### EXERCISE GOAL
In the entries that follow, the lines from the one with "Diabetic ID Bracelet" through the one with "Tory Burch designer" are the ones to write out, exactly and with both ends included. Nothing else should appear.

### Source data
☆ ☆ ☆ ☆
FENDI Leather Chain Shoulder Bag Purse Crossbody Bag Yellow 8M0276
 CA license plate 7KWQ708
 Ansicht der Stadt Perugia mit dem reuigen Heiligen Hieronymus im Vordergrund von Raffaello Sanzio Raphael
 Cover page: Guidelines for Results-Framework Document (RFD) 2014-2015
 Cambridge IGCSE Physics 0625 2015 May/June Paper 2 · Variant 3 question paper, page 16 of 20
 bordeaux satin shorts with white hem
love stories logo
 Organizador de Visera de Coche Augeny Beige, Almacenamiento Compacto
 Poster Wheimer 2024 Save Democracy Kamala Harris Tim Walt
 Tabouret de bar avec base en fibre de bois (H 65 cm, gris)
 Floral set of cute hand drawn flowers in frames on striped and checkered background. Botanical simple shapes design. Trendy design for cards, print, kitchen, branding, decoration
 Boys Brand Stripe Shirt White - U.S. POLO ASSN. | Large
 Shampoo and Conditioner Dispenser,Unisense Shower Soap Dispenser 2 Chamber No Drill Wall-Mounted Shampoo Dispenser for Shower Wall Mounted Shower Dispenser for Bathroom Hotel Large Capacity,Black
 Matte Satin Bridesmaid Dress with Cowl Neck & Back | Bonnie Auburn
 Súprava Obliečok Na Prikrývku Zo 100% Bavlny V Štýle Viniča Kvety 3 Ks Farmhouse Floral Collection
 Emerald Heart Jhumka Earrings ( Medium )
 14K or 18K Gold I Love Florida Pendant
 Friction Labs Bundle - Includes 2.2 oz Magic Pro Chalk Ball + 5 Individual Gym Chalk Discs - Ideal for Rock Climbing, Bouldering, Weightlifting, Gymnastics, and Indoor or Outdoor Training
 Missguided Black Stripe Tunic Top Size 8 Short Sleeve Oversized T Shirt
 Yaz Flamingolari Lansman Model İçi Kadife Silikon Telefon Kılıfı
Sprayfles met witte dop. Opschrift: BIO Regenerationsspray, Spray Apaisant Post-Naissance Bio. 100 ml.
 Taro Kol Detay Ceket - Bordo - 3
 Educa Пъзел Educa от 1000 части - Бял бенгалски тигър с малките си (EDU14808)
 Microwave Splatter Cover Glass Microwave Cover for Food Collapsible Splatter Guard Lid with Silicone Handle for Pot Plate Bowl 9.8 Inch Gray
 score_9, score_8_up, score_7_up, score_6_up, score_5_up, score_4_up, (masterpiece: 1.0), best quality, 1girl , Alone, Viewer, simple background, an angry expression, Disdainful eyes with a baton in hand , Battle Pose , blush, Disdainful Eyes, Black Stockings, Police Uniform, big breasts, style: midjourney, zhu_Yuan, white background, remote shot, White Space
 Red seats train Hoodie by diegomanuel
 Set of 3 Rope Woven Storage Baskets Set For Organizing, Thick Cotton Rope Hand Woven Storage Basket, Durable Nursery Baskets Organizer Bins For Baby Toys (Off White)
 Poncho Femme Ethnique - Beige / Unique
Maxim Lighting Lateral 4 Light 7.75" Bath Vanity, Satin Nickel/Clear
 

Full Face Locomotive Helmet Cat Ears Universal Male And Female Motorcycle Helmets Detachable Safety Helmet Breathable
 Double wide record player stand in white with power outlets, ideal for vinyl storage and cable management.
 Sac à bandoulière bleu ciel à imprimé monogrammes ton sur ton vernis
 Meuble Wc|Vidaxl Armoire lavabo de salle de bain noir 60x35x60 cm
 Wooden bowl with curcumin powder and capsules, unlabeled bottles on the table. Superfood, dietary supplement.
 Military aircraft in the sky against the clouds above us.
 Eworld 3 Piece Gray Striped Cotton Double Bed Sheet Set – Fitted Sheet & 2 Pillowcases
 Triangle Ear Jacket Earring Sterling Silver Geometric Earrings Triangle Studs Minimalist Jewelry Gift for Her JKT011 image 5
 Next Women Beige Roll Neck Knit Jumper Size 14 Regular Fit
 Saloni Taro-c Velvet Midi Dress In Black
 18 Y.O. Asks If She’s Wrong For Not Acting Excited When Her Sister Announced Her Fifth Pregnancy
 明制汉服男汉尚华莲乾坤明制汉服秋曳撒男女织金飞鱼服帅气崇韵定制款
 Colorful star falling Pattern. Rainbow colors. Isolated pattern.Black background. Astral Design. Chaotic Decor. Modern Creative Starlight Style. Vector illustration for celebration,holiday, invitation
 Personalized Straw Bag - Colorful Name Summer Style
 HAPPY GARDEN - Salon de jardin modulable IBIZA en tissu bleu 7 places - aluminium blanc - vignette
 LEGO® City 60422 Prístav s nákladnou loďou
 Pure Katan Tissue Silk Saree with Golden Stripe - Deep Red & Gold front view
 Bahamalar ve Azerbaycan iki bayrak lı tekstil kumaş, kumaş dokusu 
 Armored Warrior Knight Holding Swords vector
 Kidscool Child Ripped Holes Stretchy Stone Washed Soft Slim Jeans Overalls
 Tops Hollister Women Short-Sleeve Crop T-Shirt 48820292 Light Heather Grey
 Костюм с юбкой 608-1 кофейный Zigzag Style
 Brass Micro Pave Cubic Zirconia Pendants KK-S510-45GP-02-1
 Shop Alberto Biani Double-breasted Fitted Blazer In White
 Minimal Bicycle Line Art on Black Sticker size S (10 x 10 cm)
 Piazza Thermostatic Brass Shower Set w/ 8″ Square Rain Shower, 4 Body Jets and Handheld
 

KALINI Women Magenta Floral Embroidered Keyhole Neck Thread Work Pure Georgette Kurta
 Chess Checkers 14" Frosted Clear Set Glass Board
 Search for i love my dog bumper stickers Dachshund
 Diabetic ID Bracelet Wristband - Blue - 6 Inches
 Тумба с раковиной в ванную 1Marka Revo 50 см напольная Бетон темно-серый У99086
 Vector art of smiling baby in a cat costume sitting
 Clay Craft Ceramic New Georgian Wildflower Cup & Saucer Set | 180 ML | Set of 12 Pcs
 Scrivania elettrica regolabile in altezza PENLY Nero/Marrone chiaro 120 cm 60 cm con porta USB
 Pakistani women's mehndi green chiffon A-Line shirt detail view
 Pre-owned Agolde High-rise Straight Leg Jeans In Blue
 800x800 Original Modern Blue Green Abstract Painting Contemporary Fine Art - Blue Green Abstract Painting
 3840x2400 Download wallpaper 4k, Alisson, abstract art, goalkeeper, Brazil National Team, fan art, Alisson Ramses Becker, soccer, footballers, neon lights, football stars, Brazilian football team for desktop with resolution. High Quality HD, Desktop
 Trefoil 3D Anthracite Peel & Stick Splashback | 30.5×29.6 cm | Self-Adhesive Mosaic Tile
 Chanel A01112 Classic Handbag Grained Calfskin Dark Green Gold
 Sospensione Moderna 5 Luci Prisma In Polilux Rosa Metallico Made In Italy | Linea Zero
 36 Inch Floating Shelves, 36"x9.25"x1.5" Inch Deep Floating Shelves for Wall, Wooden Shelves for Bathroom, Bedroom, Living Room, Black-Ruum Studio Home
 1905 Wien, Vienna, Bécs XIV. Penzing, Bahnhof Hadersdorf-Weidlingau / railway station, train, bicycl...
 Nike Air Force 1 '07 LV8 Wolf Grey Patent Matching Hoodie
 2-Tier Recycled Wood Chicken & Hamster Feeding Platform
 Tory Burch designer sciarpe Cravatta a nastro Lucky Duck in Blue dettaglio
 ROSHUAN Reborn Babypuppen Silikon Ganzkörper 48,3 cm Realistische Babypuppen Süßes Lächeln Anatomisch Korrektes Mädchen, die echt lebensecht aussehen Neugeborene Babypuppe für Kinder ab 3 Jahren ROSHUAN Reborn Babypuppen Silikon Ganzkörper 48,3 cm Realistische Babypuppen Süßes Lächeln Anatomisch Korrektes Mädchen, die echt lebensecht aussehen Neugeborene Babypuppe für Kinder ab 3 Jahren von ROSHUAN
☆ ☆ ☆ ☆
### EXERCISE ANSWER
 Diabetic ID Bracelet Wristband - Blue - 6 Inches
 Тумба с раковиной в ванную 1Marka Revo 50 см напольная Бетон темно-серый У99086
 Vector art of smiling baby in a cat costume sitting
 Clay Craft Ceramic New Georgian Wildflower Cup & Saucer Set | 180 ML | Set of 12 Pcs
 Scrivania elettrica regolabile in altezza PENLY Nero/Marrone chiaro 120 cm 60 cm con porta USB
 Pakistani women's mehndi green chiffon A-Line shirt detail view
 Pre-owned Agolde High-rise Straight Leg Jeans In Blue
 800x800 Original Modern Blue Green Abstract Painting Contemporary Fine Art - Blue Green Abstract Painting
 3840x2400 Download wallpaper 4k, Alisson, abstract art, goalkeeper, Brazil National Team, fan art, Alisson Ramses Becker, soccer, footballers, neon lights, football stars, Brazilian football team for desktop with resolution. High Quality HD, Desktop
 Trefoil 3D Anthracite Peel & Stick Splashback | 30.5×29.6 cm | Self-Adhesive Mosaic Tile
 Chanel A01112 Classic Handbag Grained Calfskin Dark Green Gold
 Sospensione Moderna 5 Luci Prisma In Polilux Rosa Metallico Made In Italy | Linea Zero
 36 Inch Floating Shelves, 36"x9.25"x1.5" Inch Deep Floating Shelves for Wall, Wooden Shelves for Bathroom, Bedroom, Living Room, Black-Ruum Studio Home
 1905 Wien, Vienna, Bécs XIV. Penzing, Bahnhof Hadersdorf-Weidlingau / railway station, train, bicycl...
 Nike Air Force 1 '07 LV8 Wolf Grey Patent Matching Hoodie
 2-Tier Recycled Wood Chicken & Hamster Feeding Platform
 Tory Burch designer sciarpe Cravatta a nastro Lucky Duck in Blue dettaglio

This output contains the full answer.